The book begins by talking about how our culture used to be obsessed with tracking top-selling listswhether it be hit songs, hit movies, hit TV shows.

This old way of focusing on top-selling markets, operated under the economic of scarcity. In reality, however, only a small percent of hit songs are made, top products produced or best-selling services offered.  

Thanks to the Internet, times have changed. Consumers are being scattered and fragmented into countless niches. Our culture as we know it has been shattered into millions of tiny pieces, a fact that has upset many traditional companies.

What’s happened is that because the Internet has brought consumers so many choices, we are seeing obscure categories and areas previously discounted as too narrow, turn into profitable businesses.

Anderson makes three astute observations about what he calls the Long Tail, including:

       It’s far larger than originally imagined

       It’s within reach

       It’s a huge business when we add it all up

In the book, the author references many industries as examples of those that have benefitted from the Long Tail. One is the music industry. If you combine all of the non-hit wonders, the size of the market is impressive. Anderson believes that the most money to be made is within the non-hit area.

He looks at how Napster resulted in the decline of traditional record stores. Traffic on P2P (peer-to-peer) file-sharing continues to grow.

Another monumental time in the music industry was the introduction of the Apple iPod. It became one of the first must-have MP3 players, using the Long Tail theory.

Industries outside of music also benefitted by using the Long Tail. Anderson believes that the most successful Internet companies are focusing on the nice markets.

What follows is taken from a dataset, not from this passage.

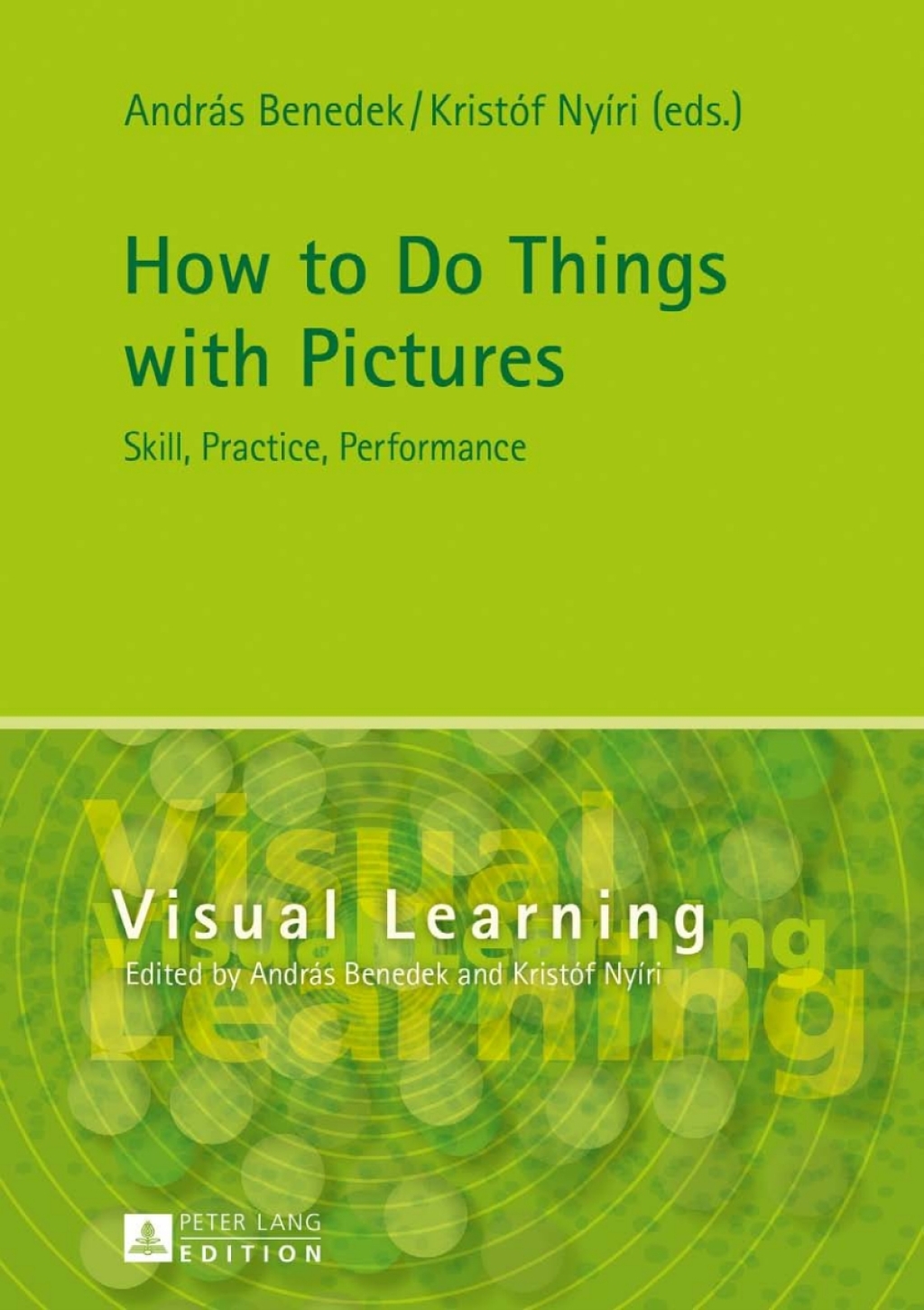 How to Do Things with Pictures Skill, Practice, Performance 1st Edition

Other companies mentioned in the book that have successfully worked the Long Tail, include:

Amazon, eBay – Physical goods

Google, Craigslist – Advertising/services

Google, Wikipedia – Information

MySpace, Bloglines – Communities/user-created content

Another important trend touched upon is how the traditional watercooler has lost its effect. We are now living in the virtual watercooler.

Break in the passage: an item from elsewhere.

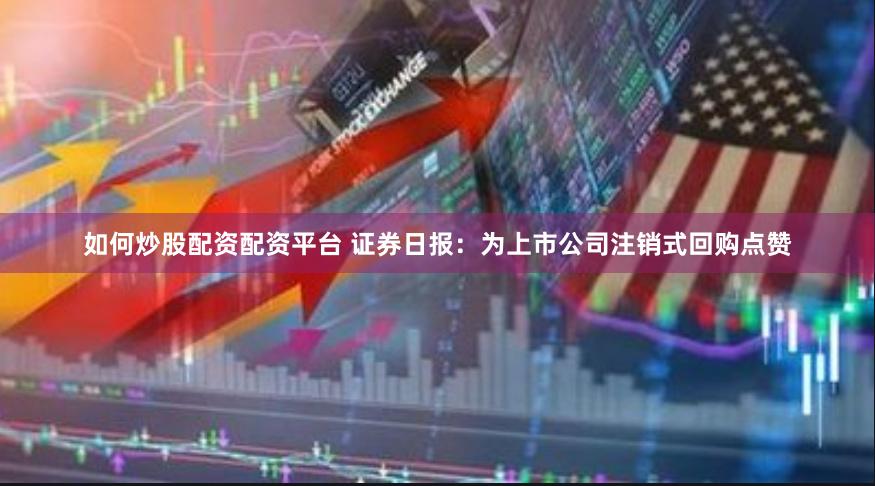 如何炒股配资配资平台 证券日报：为上市公司注销式回购点赞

TiVo and DVRs helped to dissolve the watercooler effect. He brings up the point that even if two people watched the same show, it’s very possible that they watched it at different times, thereby changing the context of their experience.

This new culture demands control over their media and what they listen to.

Amazon signifies a very important icon in the new virtual world. Specifically, Amazon’s pioneering of customer reviews and recommendations has answered a problem consumers were having, namely how to effectively manage through the clutter of choices. Reviews help to simply our world as we move from the Informational Era to the Recommendations Era.

So turning back to my question about applying insights gained from the “Long Tail” to the financial industry, I’d like to suggest three recommendations to the financial community:

First, brokerages and banks will continue to fail, merge and bleed assets. However, this doesn’t mean that investors taste for specialized funds will diminish. In fact, investors will increasingly be searching for tailored boutique investments. Investors will continue to demand specialized products similar to their beliefs, values, interests and risk levels. As investors have access to more information, successful investment firms will recognize this need and provide niche products and services.

So, investment mangers should continue to start hedge funds and specialty boutique firms—regardless of the financial environment.

Second, investment firms are missing the boat and avoiding the new consumer culture. Consumers are moving from the Informational Era to the Recommendations Era. It’s about time financial firms begin to give investors want they want: chat rooms, investment forums, access to portfolio managers, and recommendation lists.

Third, forward-thinking investment firms should partner with, utilize, borrow from other successful Long Tail thinkers like Google, Amazon and eBay. How great would it be to have a recommended funds list based on my personal profile. 

The Long Tail is in full force everywhere, including the investment industry. I am even more convinced of this fact after reading Anderson’s book. I look forward to reading Anderson’s next book titled Free.